Por isso, como elucida o professor Fabio Konder Comparato, a aplicação da teoria da desconsideração da personalidade jurídica não leva à liquidação ou à despersonalização da pessoa jurídica, mas exclusivamente à "extensão dos efeitos aos bens particulares do sócio". Não leva à liquidação, nem à despersonalização, nem, acrescento, à falência ou à extensão dos efeitos jurídicos da falência porque não é esse o escopo da teoria da desconsideração da personalidade jurídica, eis que o Código Civil, em seu artigo 50, ao admitir "descortinar-se o véu", busca alcançar e tornar o sócio ou acionista controlador da sociedade falida solidária e ilimitadamente responsável pelo ressarcimento dos prejuízos causados aos credores, coibindo a fraude, em qualquer de suas nefastas formas, e punindo o sócio ou acionista que praticou ato ilícito ou abusou da personalidade da sociedade, mas jamais quebrar uma sociedade empresária em dia com suas obrigações e dívidas.
É o que ensina a doutrina estrangeira, ao tratar, à exaustão, (1) da responsabilidade do grupo de sociedades; (2) da inopobilidade e da desconsideração da personalidade jurídica grupal e (3) da extensão da quebra, acentuando, sempre, que os limites dessas áreas são tenues, se confundem e, por vezes, se superpõem, verificando-se, em certas circunstâncias, idênticos pressupostos fáticos. Em verdade, a questão da quebra de uma sociedade grupada e a sua extensão às demais empresas do mesmo grupo econômico é matéria de política legislativa e não um princípio inflexível e dogmático.

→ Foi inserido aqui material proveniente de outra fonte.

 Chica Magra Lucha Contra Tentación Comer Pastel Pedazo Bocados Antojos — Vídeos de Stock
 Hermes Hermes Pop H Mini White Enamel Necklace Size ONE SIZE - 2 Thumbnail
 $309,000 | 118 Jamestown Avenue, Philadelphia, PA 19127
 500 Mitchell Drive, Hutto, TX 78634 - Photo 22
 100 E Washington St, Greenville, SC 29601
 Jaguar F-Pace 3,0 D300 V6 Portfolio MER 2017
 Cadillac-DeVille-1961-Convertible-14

Por fim, anote-se que a oposição à extensão da falência às sociedades grupadas enfrenta enormes resistências na doutrina estrangeira por força de diversos fundamentos, entre os quais se destacam (1) o princípio da conservação da empresa, como mola propulsora do progresso econômico e social; (2) os problemas praticamente insolúveis de bancarrotas de grupos multinacionais; (3) a impossibilidade jurídica de se imputar responsabilidade a quem não a tem por atos antijurídicos danosos ao patrimônio de terceiros; (4) o fato incontroverso de que a extensão da quebra acarreta a liquidação do patrimônio de empresas que não estão insolventes, o que é um contra senso e uma heresia jurídica; (5) a falência de empresas líquidas e prósperas determina a perda de mais valia do "going concern" de empresas em pleno funcionamento etc.

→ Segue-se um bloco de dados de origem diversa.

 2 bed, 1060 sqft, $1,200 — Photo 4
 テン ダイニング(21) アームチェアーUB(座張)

Destarte, não se pode, por absoluta falta de amparo legal, estender a falência ou estender os efeitos jurídicos da falência de uma sociedade controlada à sociedade controladora e não se deve, sob pena de desvirtuá-la e ferir o artigo 50 do Código Civil, fundar na teoria da desconsideração da personalidade jurídica a extensão dos efeitos jurídicos da falência de controlada à controladora. Pode-se e deve-se, entretanto, com fundamento no artigo 117 da Lei das S.A., no artigo 50 do Código Civil e no artigo 82 da Lei de Falências e Recuperação de Empresas, buscar a reparação integral dos danos causados por sociedade controladora à sociedade controlada falida, aos acionistas minoritários e preferencialistas da controladora e da controlada falida e aos credores da falida, e, com fundamento no parágrafo 2º do artigo 82 da mesma legislação, para impedir a dilapidação dos bens sociais e garantir o cabal ressarcimento dos prejuízos, requerer, desde logo, na petição inicial da ação ordinária de perdas e danos, a indisponibilidade dos bens particulares dos réus, mais corretamente, da sociedade controladora, observados os princípios constitucionais do devido processo legal, do contraditório e da ampla defesa.